= Bob Shaheen =

Robert A. Shaheen (born 1933) is a retired American businessman of Syrian descent who worked in Saudi Arabia starting in the early 1960s. Born in Canton, Ohio, Shaheen was employed as a high-ranking officer in operations owned by Adnan Khashoggi, a Saudi Arabian businessman involved in the international arms trade, representing Lockheed, Northrup, and Raytheon—United States defense systems contractors.

==Early life==
Shaheen was the youngest of nine brothers and sisters. His parents immigrated to the United States during the Great Depression. When he was three years old, his father died, leaving his mother, who could not speak, read, or write English, to care for the family of nine children. For his part, he began selling newspapers at a corner movie theater at the age of six. He earned a degree in political science from Mount Union College in 1955. After serving in the US Army as a classification and assignment specialist, he began graduate studies at Georgetown University. Shaheen is known as a polyglot. While at Georgetown, he was recruited by the United States government in 1960 to move to Saudi Arabia. After serving in that capacity for two years, and during that period, he met Khashoggi.

==Career==

In 1962, he began working as a high-ranking official to Adnan Khashoggi, a Saudi Arabian businessman.
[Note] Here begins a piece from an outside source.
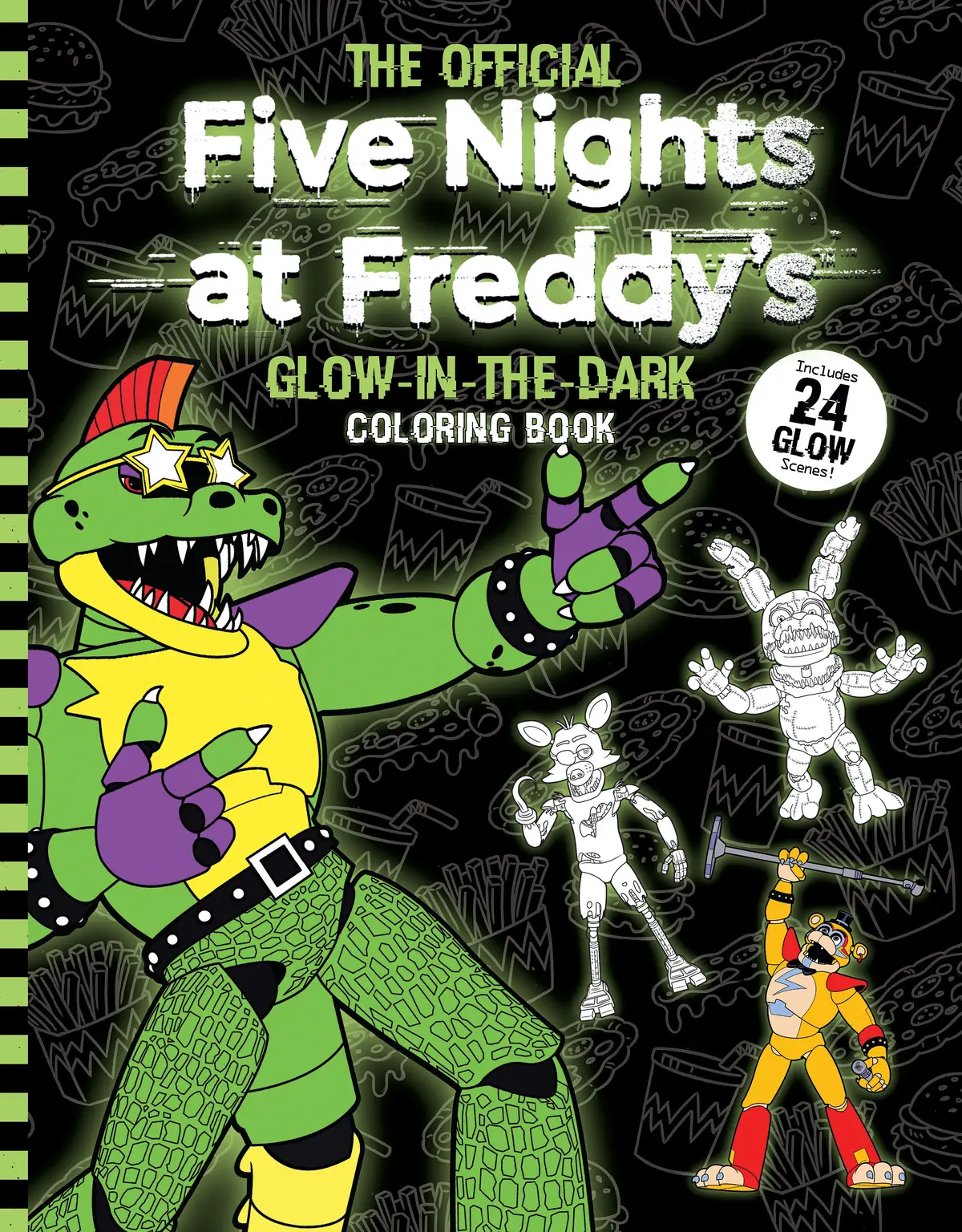 Five Nights At Freddy's Deluxe Glow-In-The-Dark Coloring Book 1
Shaheen spent the next 25 years with Khashoggi, establishing close personal relationships with the Saudi royal family and other Middle Eastern leaders and businessmen. Shaheen was president of Khashoggi's Triad Corporation. Khashoggi was commissioned by the late King Saud to help organize the Ministry of Defense protect their oil fields. In that capacity he brought in Lockheed, Northrup, Raytheon and General Electric and others as defense contractors.[4] Khashoggi and Shaheen opened the door for American, Asian, and European companies to enter business relationships in Saudi Arabia and the Middle East. Khashoggi and Shaheen negotiated "some of the most lucrative, and highly publicized deals of the 1970s and 1980s."
Shaheen, who acted as Khashoggi's gatekeeper, was described as "charming" and a "brilliant organizer and people-mover". Shaheen was known for wearing a three-piece business suit regardless of the climate or location.

He has been featured with Khashoggi in many books, as well as a four-part TV series, and several television programs: Sixty Minutes, The Weekend Report, Good Morning America, and Lifestyles of the Rich and Famous. Books include: The Kingdom by Robert Lacey; Saudi Arabia Today by Peter Hobday; The Game Player by Miles Copeland; Money Rush by Andrew Duncan; Is My Armour on Straight by Richard Berendzen; The Deadly Payoff by Michel Clerc;The Marshall Plan by Jack Sheehan; The Pirate (book and TV series) by Harold Robbins; Vanity Fair, Serving the Superwealthy by Jamie Johnson.

==Family life==
Shaheen lives in Boca Raton, Florida, with his wife Patricia Shaheen. He is the father of four daughters and one son.